Task requirements.
Take the line that contains "confect glittering grace" as the start and the last line of the entries as the end, and print both and everything between them exactly, without the pictures.

Start of Dataset records

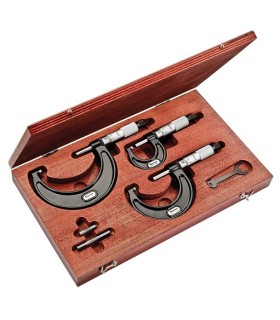 ESTUCHE 3 MICROMETROS EXTERIORES STARRET 0-75MM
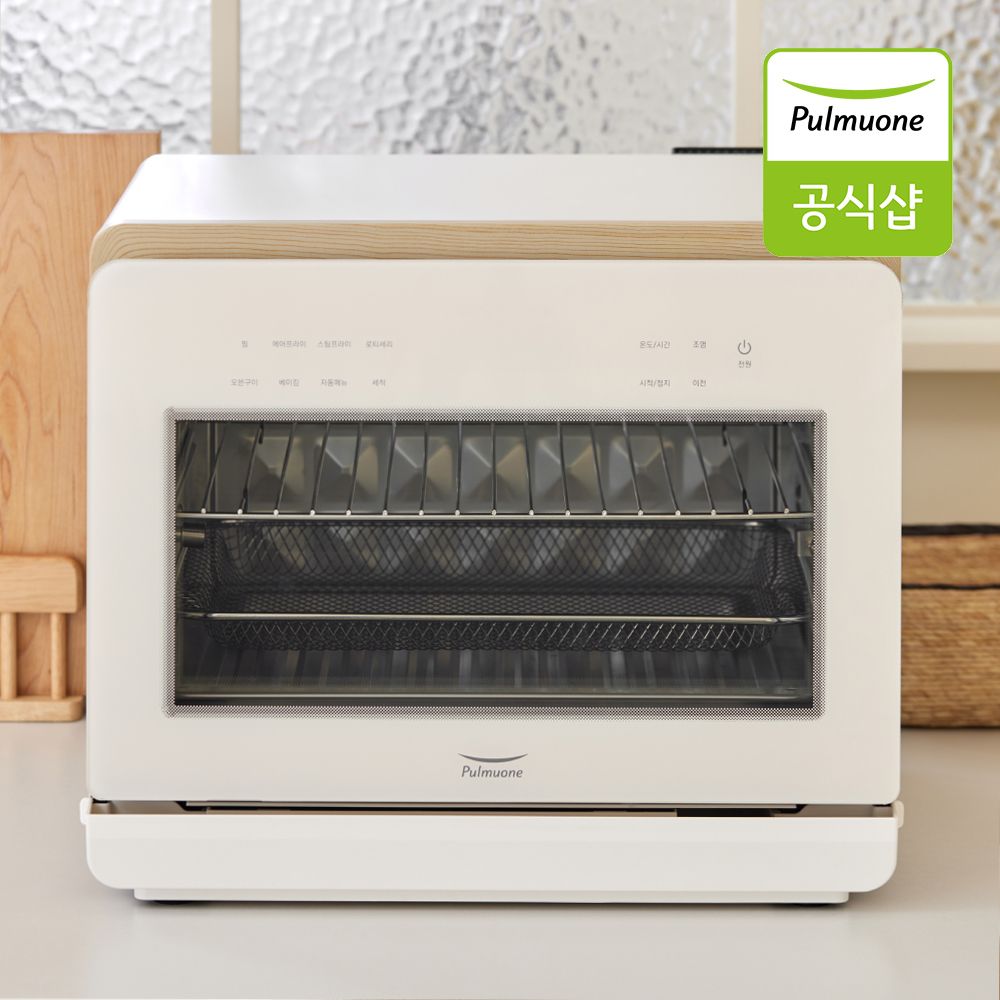 풀무원 스팀쿡 마스터 듀얼스팀오븐 에어프라이어 20L 화이트우드 AV20D11W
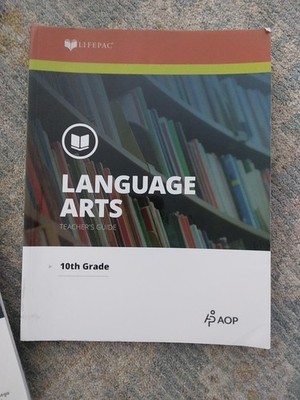 AOP Language ARTS - Book 6, 7, 8, 9 & 10 With Teachers Guide. Grade 10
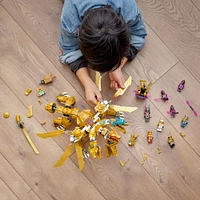 LEGO NINJAGO Lloyd's Golden Ultra Dragon 71774 Building Kit (989 Pieces)
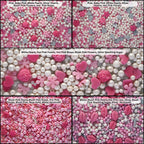 confect glittering grace sprinkles dazzling delight sprinkle glistening glamour sprinkles cake cupcake sprinkles pink mini lips roses sprinkles i silver hearts vermicelli and white pearls baby shower sprinkles mix pack of 5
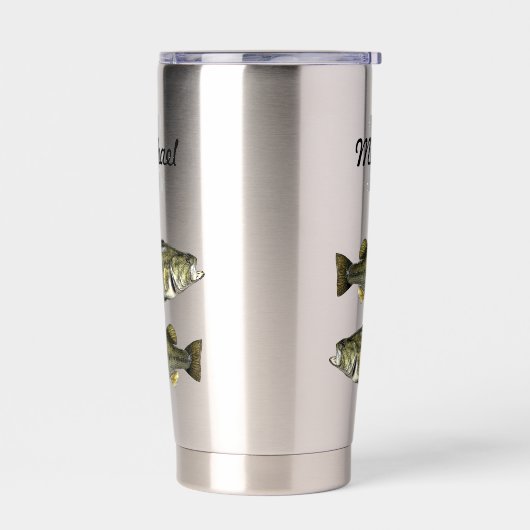 モノグラムベース魚釣りクールスポーツラルゲマス 保温保冷タンブラー (左面)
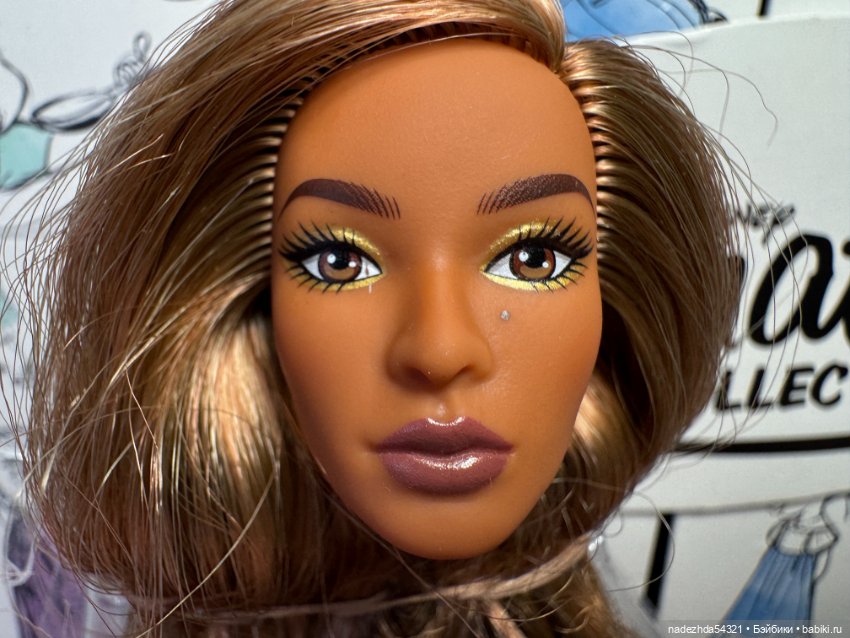 Голова Барби Нишель из конструктора №1 (2) (фото 10)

End of Dataset records

Answer box.
 confect glittering grace sprinkles dazzling delight sprinkle glistening glamour sprinkles cake cupcake sprinkles pink mini lips roses sprinkles i silver hearts vermicelli and white pearls baby shower sprinkles mix pack of 5
 モノグラムベース魚釣りクールスポーツラルゲマス 保温保冷タンブラー (左面)
 Голова Барби Нишель из конструктора №1 (2) (фото 10)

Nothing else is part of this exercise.